What is being asked: With pictures left out, retype exactly the lines from the one containing "Lada (ВАЗ) Niva" through the final line of the entries.

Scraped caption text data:

┌──

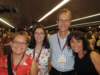 dscn2630_small.jpg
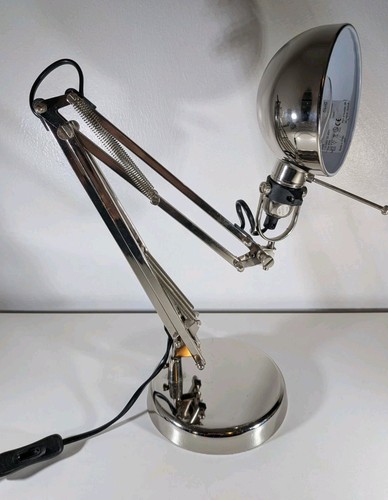 Ikea forza chrome - ikea,
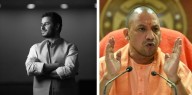 'Sabka Saath motto betrayed': BJP's Muslim leader in J-K explodes over 'divisive' crackdown by CM Yogi, threatens to resign
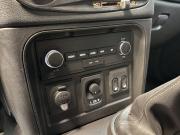 Lada (ВАЗ) Niva Travel I Тверь  - изображение 36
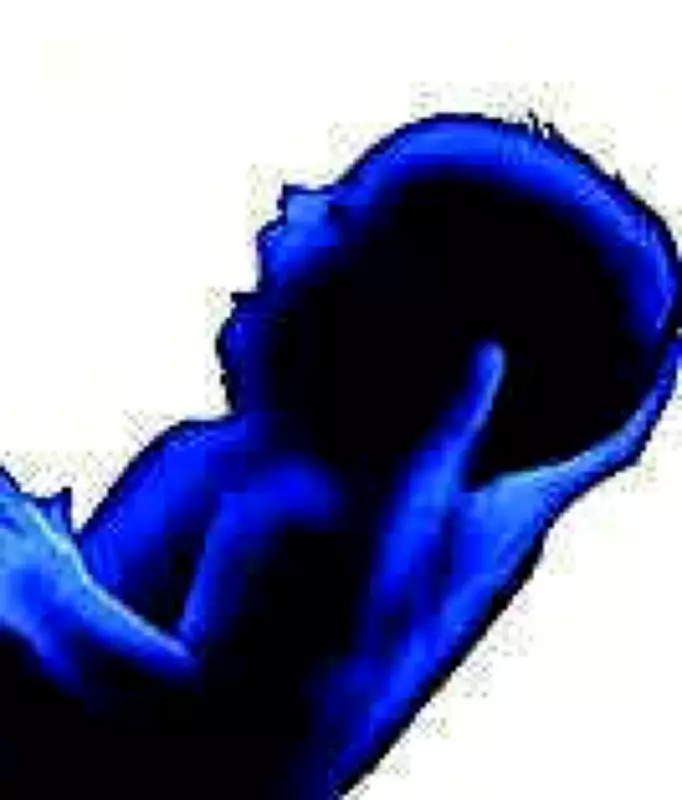 Pune PMC Sends Notice to Hospital Over Newborn Death After C-Section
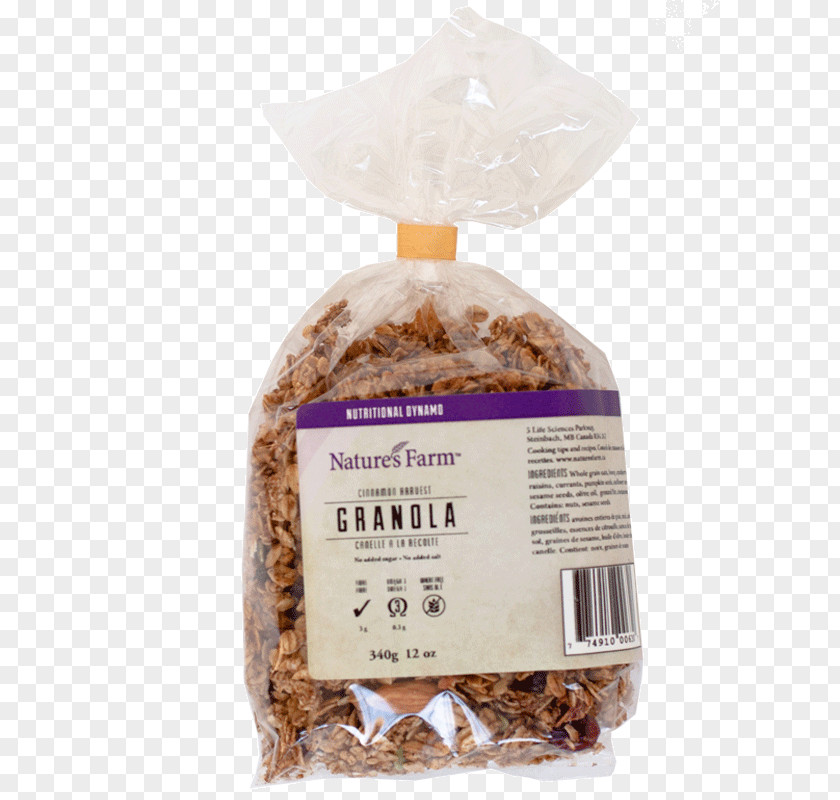 Honey Muesli Granola Dried Fruit Raisin Zante Currant PNG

└──

Result:
 Lada (ВАЗ) Niva Travel I Тверь  - изображение 36
 Pune PMC Sends Notice to Hospital Over Newborn Death After C-Section
 Honey Muesli Granola Dried Fruit Raisin Zante Currant PNG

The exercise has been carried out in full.